Custom Build is where we’re doing stuff that is specific to the customer’s own needs. Where we’re creating something just for their business, or doing something in their domain first time, or automating and improving something that hasn’t been computerised before.
Product/Rental is where we’re plugging reasonably well defined things together, where we’re taking systems and products that already exist and figuring out how to combine them or use them to meet the customer’s need, or handing them over to services.
Commodity/Utility is where we’re relying on utilities or underlying platforms that you can just assume exist without really having to think about them. Typically this is things like power, internet connection and so on. Competition amongst vendors here is usually on price, with little differentiation.

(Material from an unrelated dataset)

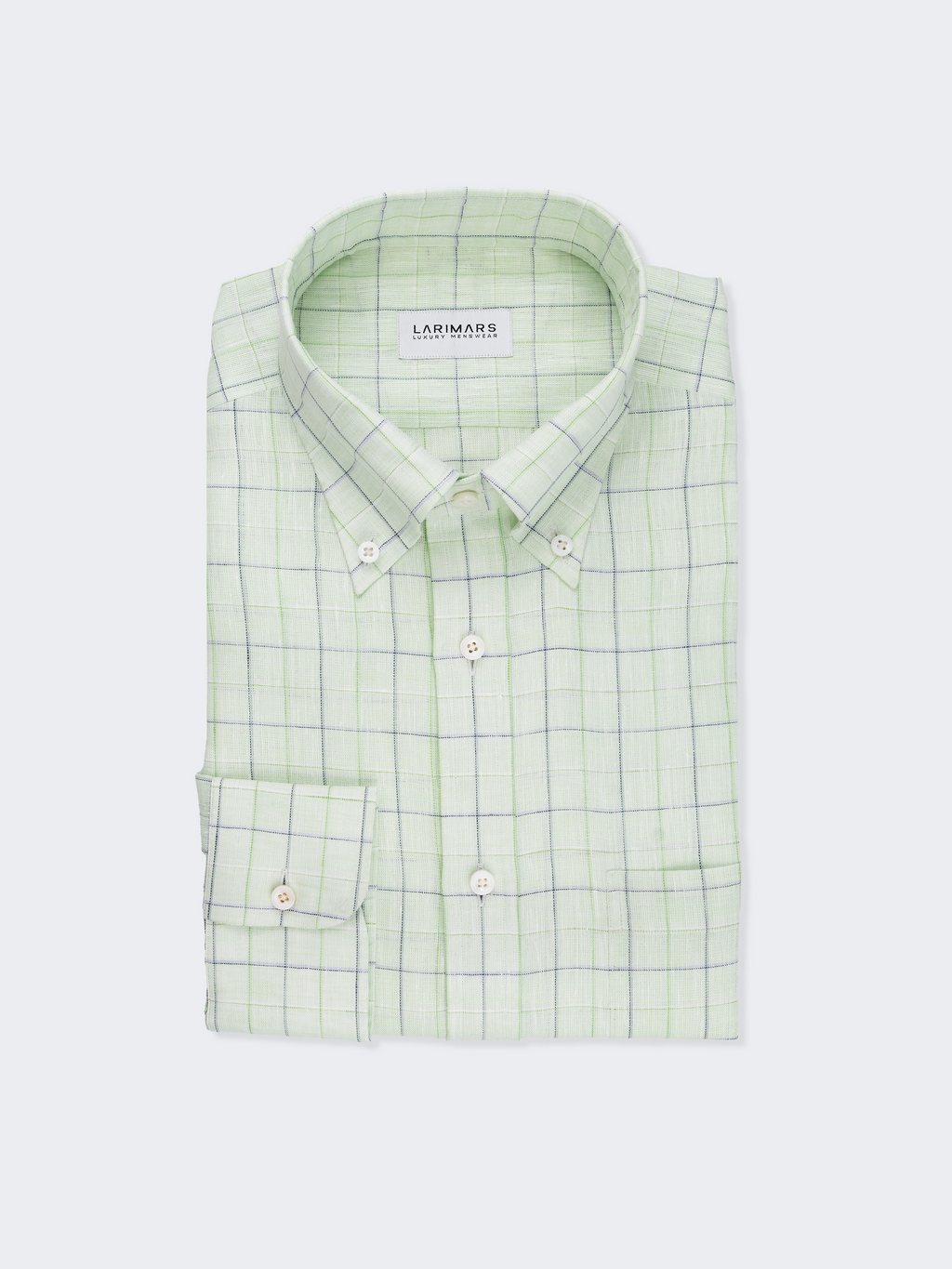 Green Check
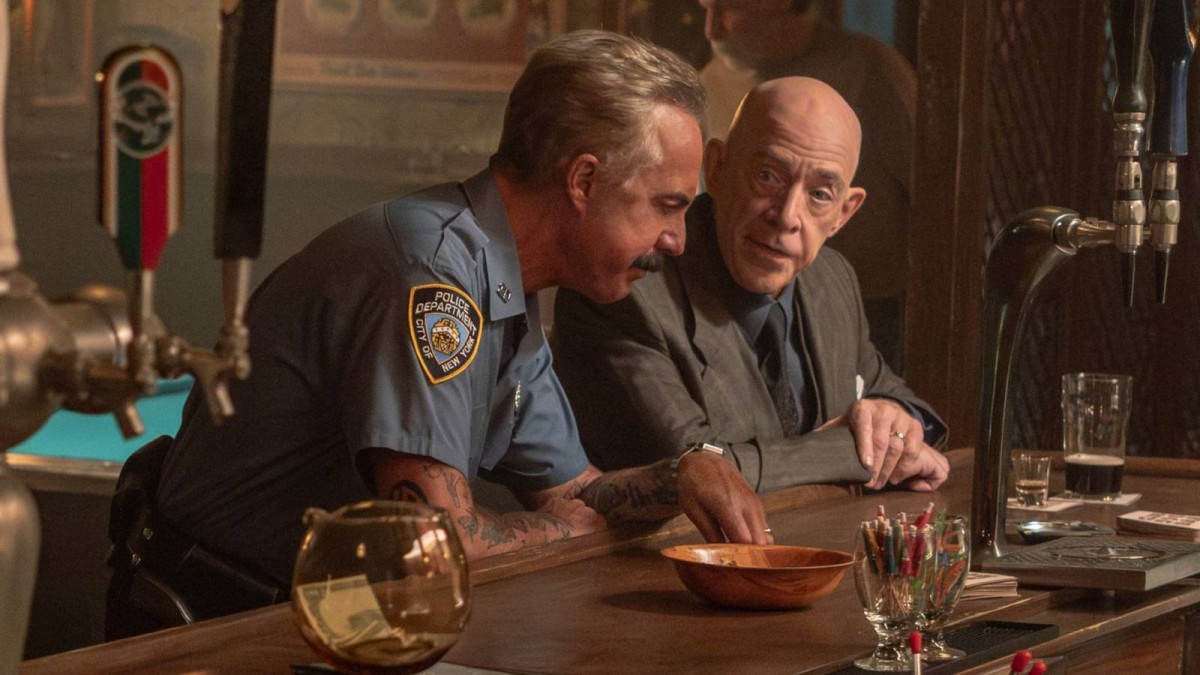 JK Simmons & Titus Welliver Bring Irish-American Mob History To Life In MGM+'s The Westies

Mapping the technical solution
This is the Wardley Map for the service proposed to process user feedback from survey results. Let’s take a look at the components it displays and how they relate to each other, where they sit on the technology evolution axis, and how the components are broken into a chain of dependencies from the user need down to invisible to the user but necessary.
Firstly, we start at the top with the user need. In order to mine user feedback we must use the existing survey platform (outsourced, grey circle). We must create a feedback processing service to effectively get meaning from the survey data without having to use manual effort, which is in the ‘custom built’ area of the technology evolution scale, as it is being put together by us in this way for this customer for the first time but it’s likely not the first time anyone has done it.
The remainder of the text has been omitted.